DIRECTIONS FOR THIS TASK:
Print the entire listing below word for word, excluding its pictures.

RECORDS FOR THE TASK:
:::::

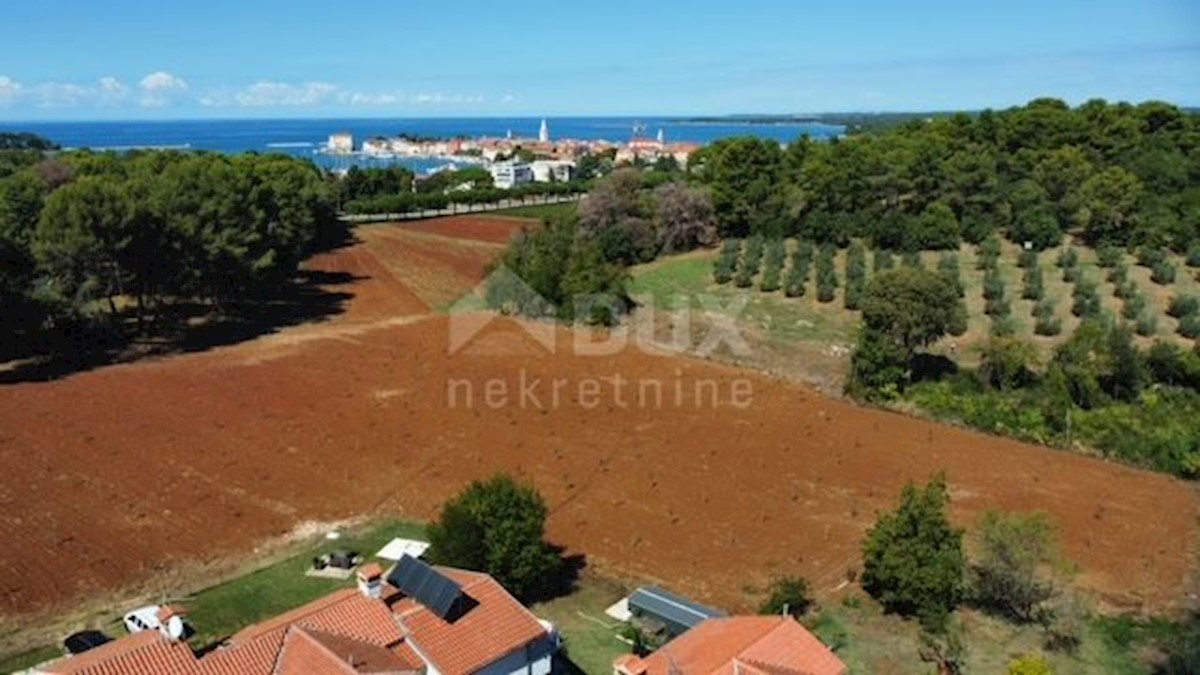 Casa Poreč, 192m2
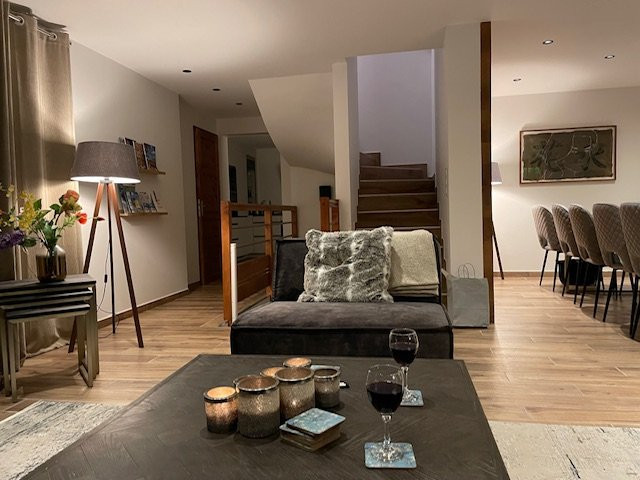 _clients_227345002_photos_107c_37098081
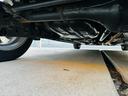 L 4WD 社外14インチアルミホイール 社外HID ブルートゥース対応フルセグナビ USB接続可能 DVD再生(37枚目)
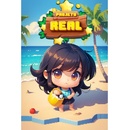 Projeto Real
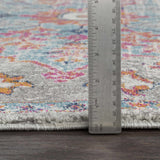 Delanson Runner Rug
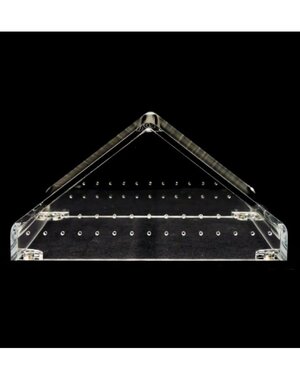 Tarantula Cribs Tarantula Cribs Canopy Lid 6"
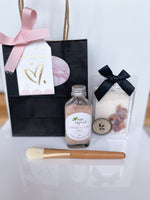 Gift Hampers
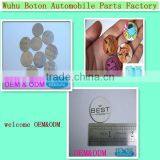 Thermo Bimetallic Jumping Disc thumbnail-1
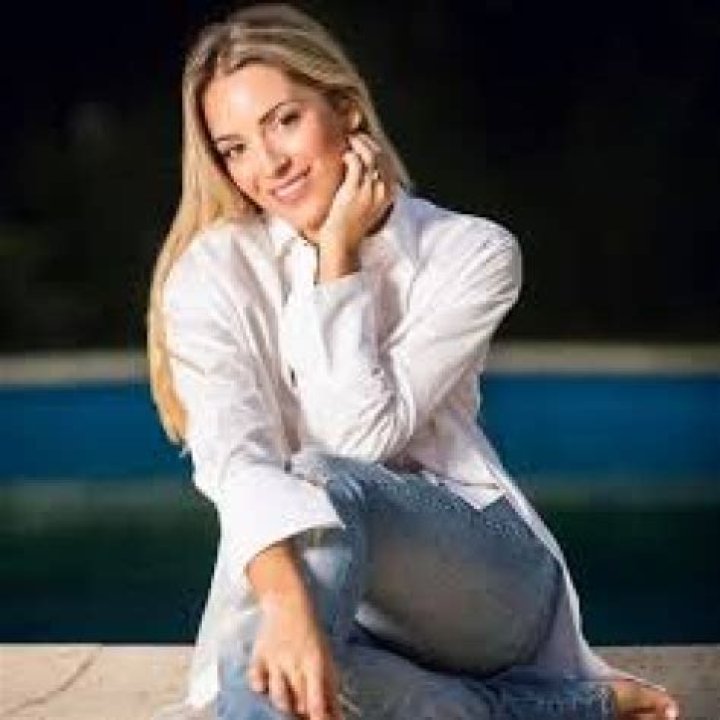 McKenna Hellam Height, Weight, Net Worth, Age, Birthday, Wikipedia, Who, Nationality, Biography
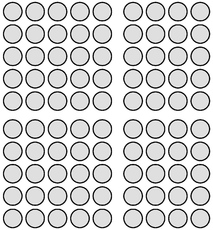 10x9-Kreise.jpg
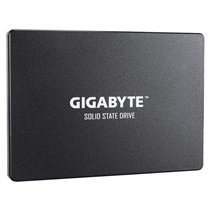 GIGABYTE GP-GSTFS31240GNTD SSD 240GB SATA3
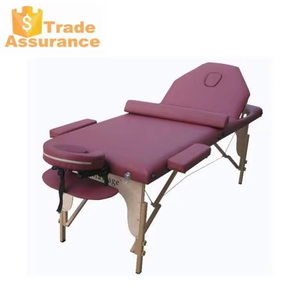 Lit <span class=keywords><strong>de</strong></span> <span class=keywords><strong>tatouage</strong></span> portable professionnel <span class=keywords><strong>pas</strong></span> <span class=keywords><strong>cher</strong></span> réglable Camillas <span class=keywords><strong>De</strong></span> Masajes lit <span class=keywords><strong>de</strong></span> massage léger Spa <span class=keywords><strong>Table</strong></span> <span class=keywords><strong>de</strong></span> massage <span class=keywords><strong>pliante</strong></span> en bois - Product Image 2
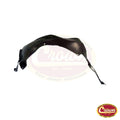Right Front Fender Liner for 1999-2004 Jeep WJ Grand Cherokee Crown Automotive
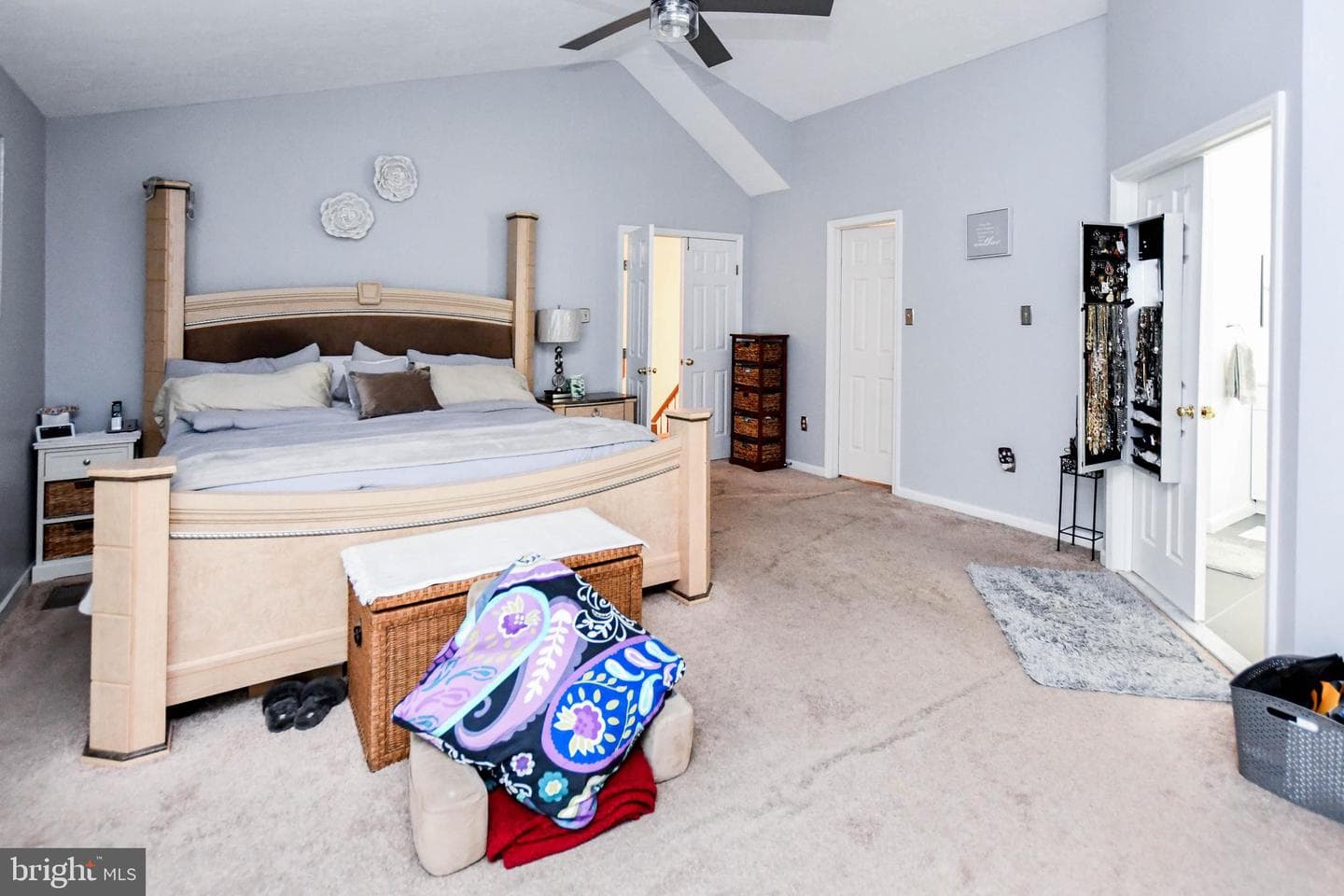 1414 Fairlakes Place photo 27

:::::

RESPONSE TO THIS EXERCISE:
 Casa Poreč, 192m2
 _clients_227345002_photos_107c_37098081
 L 4WD 社外14インチアルミホイール 社外HID ブルートゥース対応フルセグナビ USB接続可能 DVD再生(37枚目)
 Projeto Real
 Delanson Runner Rug
 Tarantula Cribs Tarantula Cribs Canopy Lid 6"
 Gift Hampers
 Thermo Bimetallic Jumping Disc thumbnail-1
 McKenna Hellam Height, Weight, Net Worth, Age, Birthday, Wikipedia, Who, Nationality, Biography
 10x9-Kreise.jpg
 GIGABYTE GP-GSTFS31240GNTD SSD 240GB SATA3
 Lit <span class=keywords><strong>de</strong></span> <span class=keywords><strong>tatouage</strong></span> portable professionnel <span class=keywords><strong>pas</strong></span> <span class=keywords><strong>cher</strong></span> réglable Camillas <span class=keywords><strong>De</strong></span> Masajes lit <span class=keywords><strong>de</strong></span> massage léger Spa <span class=keywords><strong>Table</strong></span> <span class=keywords><strong>de</strong></span> massage <span class=keywords><strong>pliante</strong></span> en bois - Product Image 2
Right Front Fender Liner for 1999-2004 Jeep WJ Grand Cherokee Crown Automotive
 1414 Fairlakes Place photo 27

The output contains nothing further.